> [Task to carry out]:
The expected result is a verbatim repetition of the lines from the start of the entries through the line containing "Used Land Rover", with the pictures removed.

─── Stored data

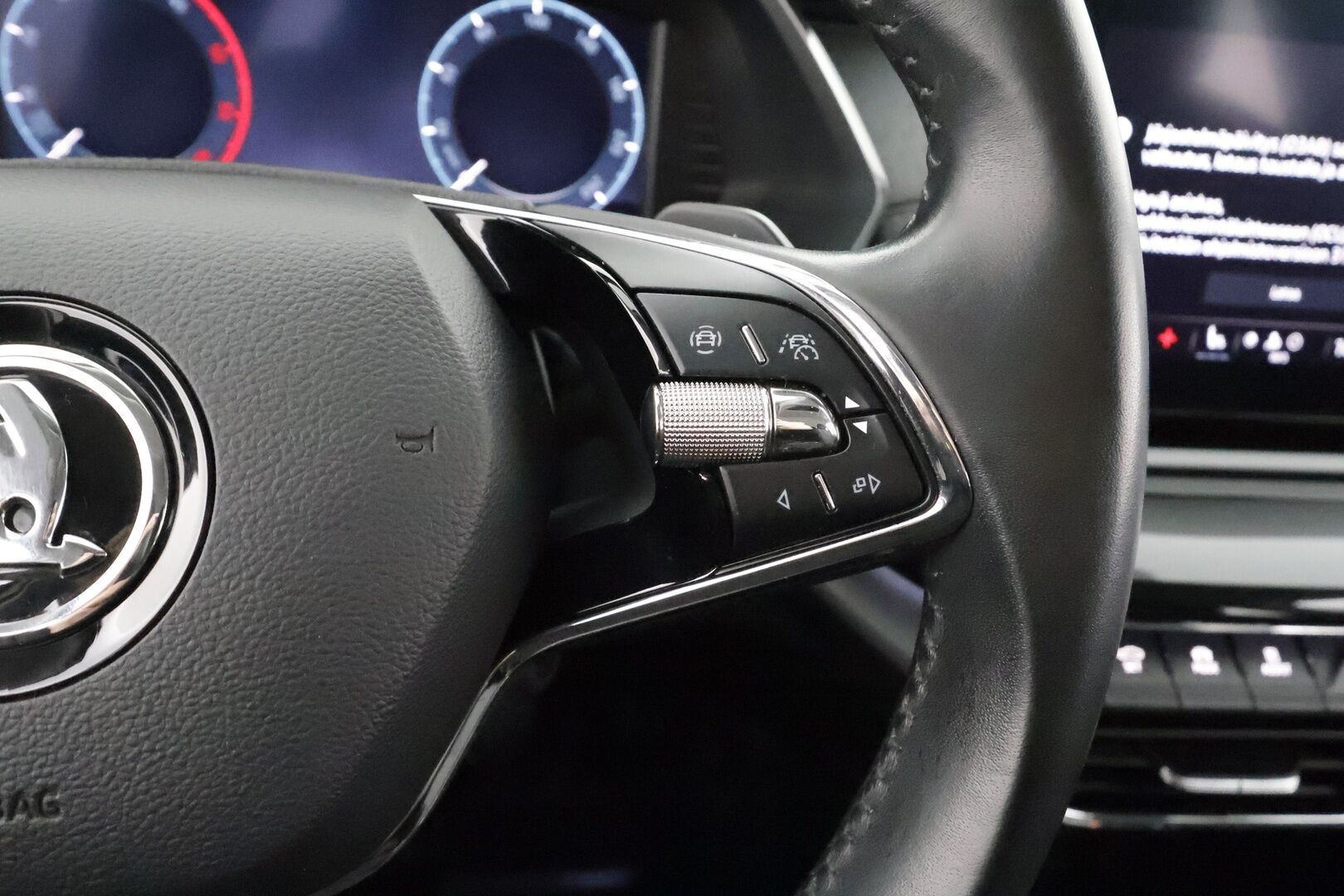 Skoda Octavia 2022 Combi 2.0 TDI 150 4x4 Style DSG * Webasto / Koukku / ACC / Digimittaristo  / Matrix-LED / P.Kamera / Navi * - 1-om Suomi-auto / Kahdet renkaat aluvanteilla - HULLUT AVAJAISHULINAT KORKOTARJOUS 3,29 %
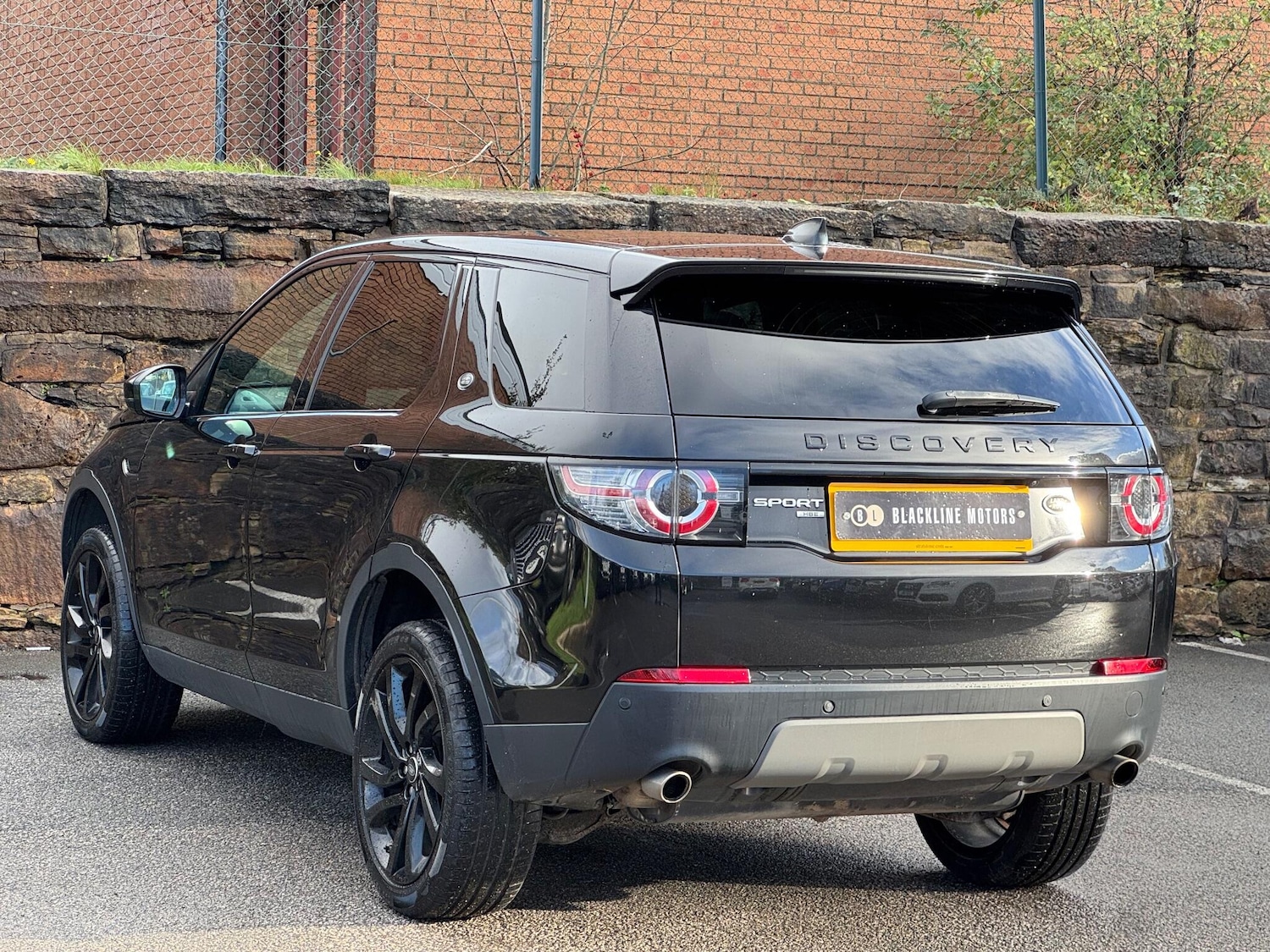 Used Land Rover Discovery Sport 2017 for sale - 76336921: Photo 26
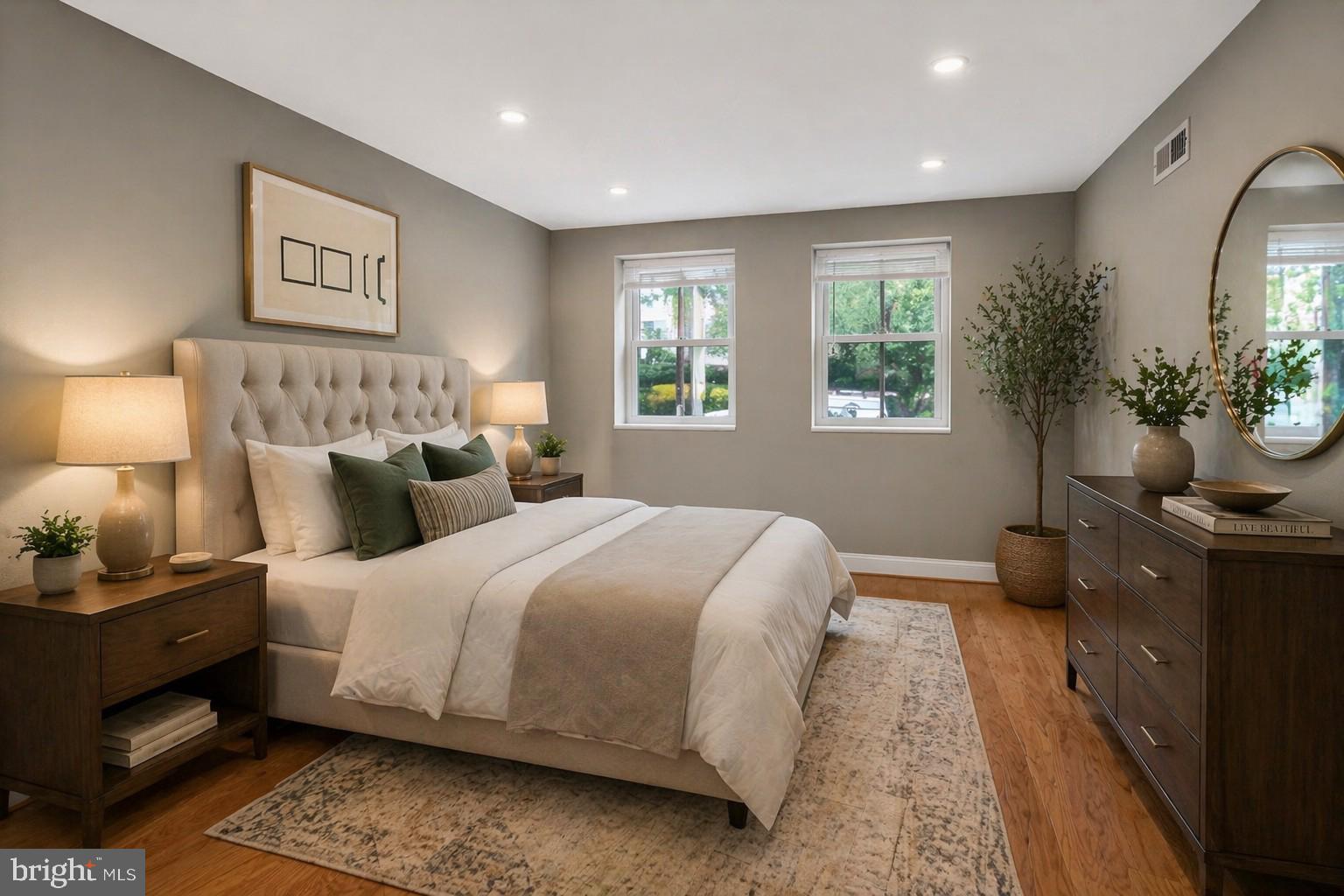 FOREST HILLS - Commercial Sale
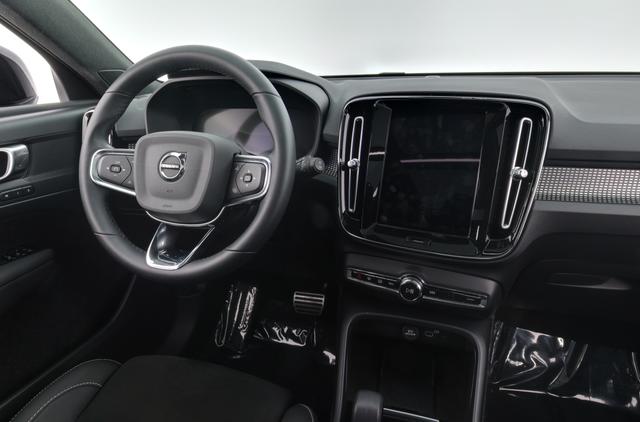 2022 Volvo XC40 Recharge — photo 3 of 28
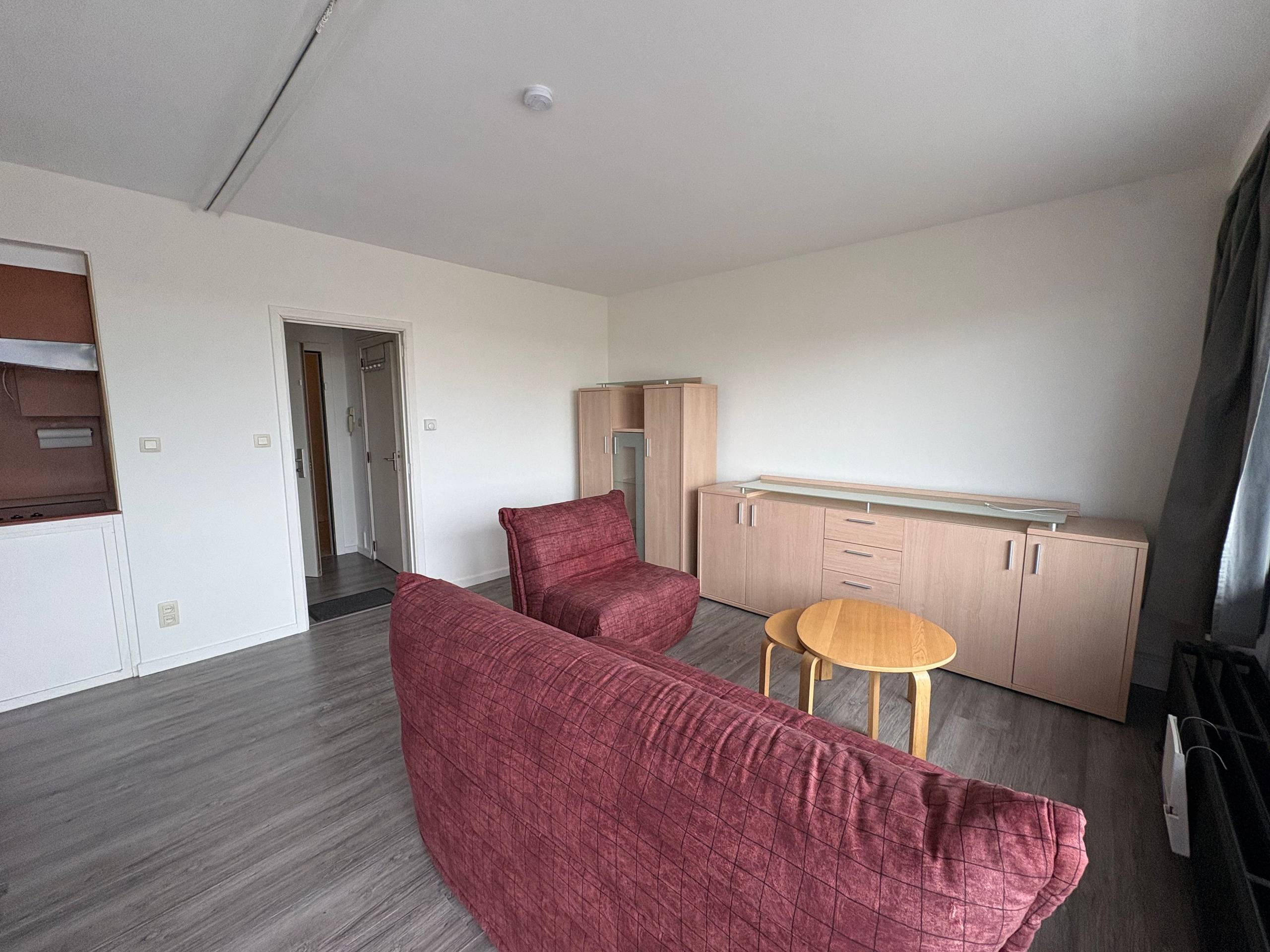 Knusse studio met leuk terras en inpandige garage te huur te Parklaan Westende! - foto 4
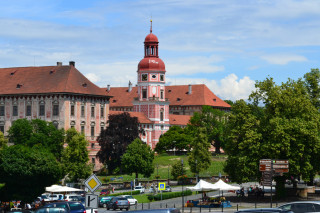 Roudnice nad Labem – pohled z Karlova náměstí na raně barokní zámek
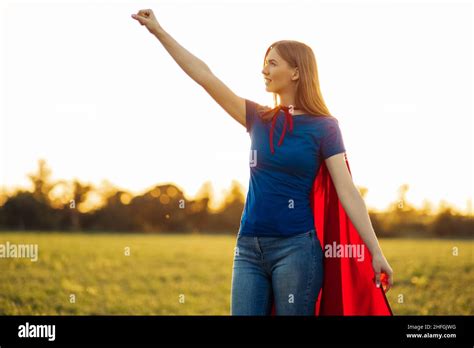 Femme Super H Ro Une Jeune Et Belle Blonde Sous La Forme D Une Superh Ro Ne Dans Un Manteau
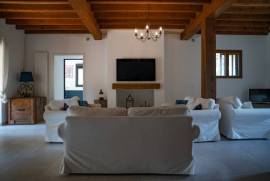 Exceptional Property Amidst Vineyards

──────

> [Answer area]:
 Skoda Octavia 2022 Combi 2.0 TDI 150 4x4 Style DSG * Webasto / Koukku / ACC / Digimittaristo  / Matrix-LED / P.Kamera / Navi * - 1-om Suomi-auto / Kahdet renkaat aluvanteilla - HULLUT AVAJAISHULINAT KORKOTARJOUS 3,29 %
 Used Land Rover Discovery Sport 2017 for sale - 76336921: Photo 26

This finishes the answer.